WHAT IS EXPECTED -
Leave the pictures aside and copy all the data exactly.

MATERIAL PROVIDED -
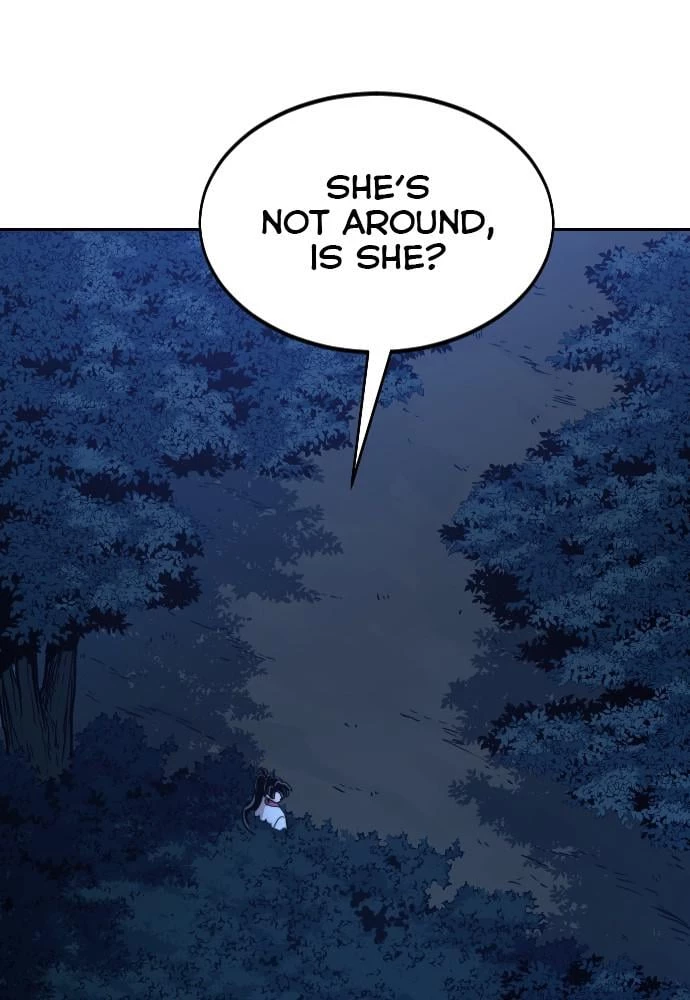 Return of the Blossoming Blade Chapter 56 - 174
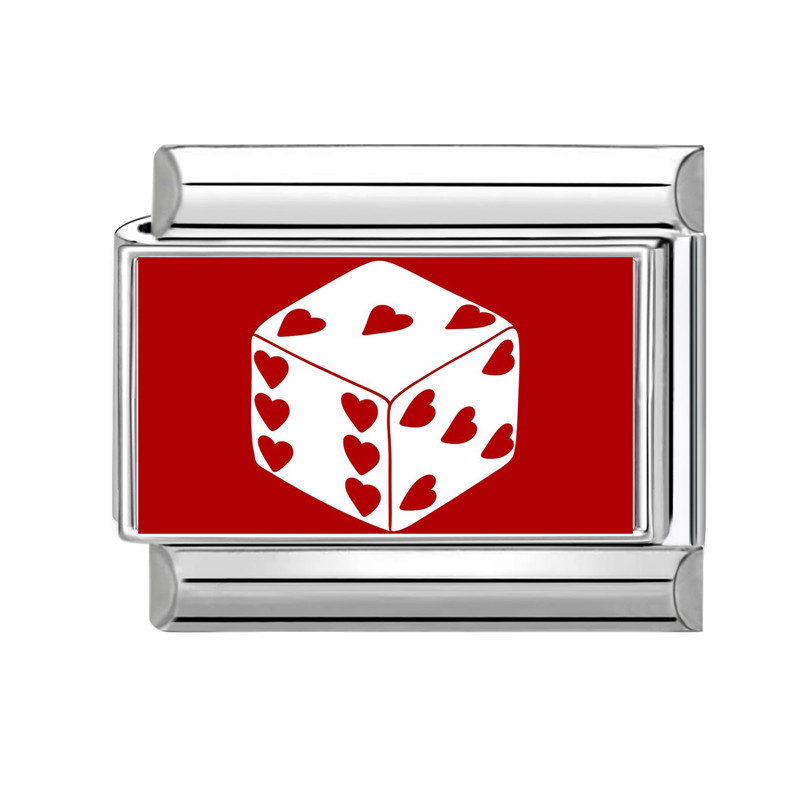 ICP0084 Silver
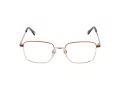 Benetton BE 309 185 52 Men glasses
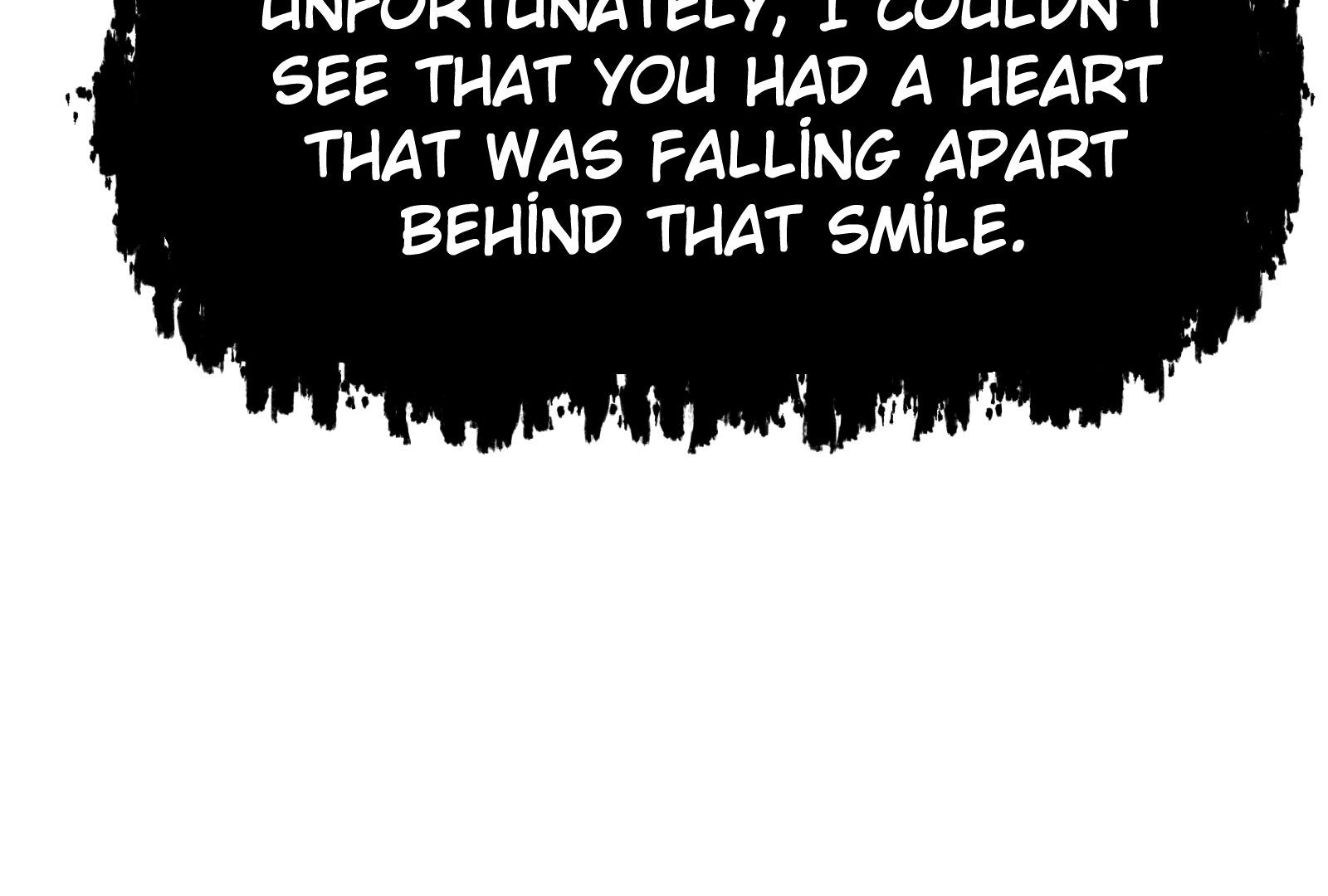 Beyond the Headlines(Official) - Episode 13 manhwa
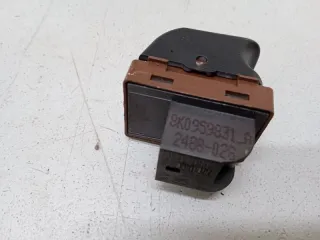 8K0959831AV10 Кнопка открытия багажника Audi A5 (S5,RS5) 1 Арт 2-749, вид 3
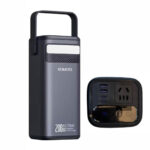 ROMOSS 75000mAh 200W Powerbank | 192Wh (TYP 20V 5A)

SOLUTION TO THIS PROBLEM -
 Return of the Blossoming Blade Chapter 56 - 174
 ICP0084 Silver
 Benetton BE 309 185 52 Men glasses
 Beyond the Headlines(Official) - Episode 13 manhwa
 8K0959831AV10 Кнопка открытия багажника Audi A5 (S5,RS5) 1 Арт 2-749, вид 3
 ROMOSS 75000mAh 200W Powerbank | 192Wh (TYP 20V 5A)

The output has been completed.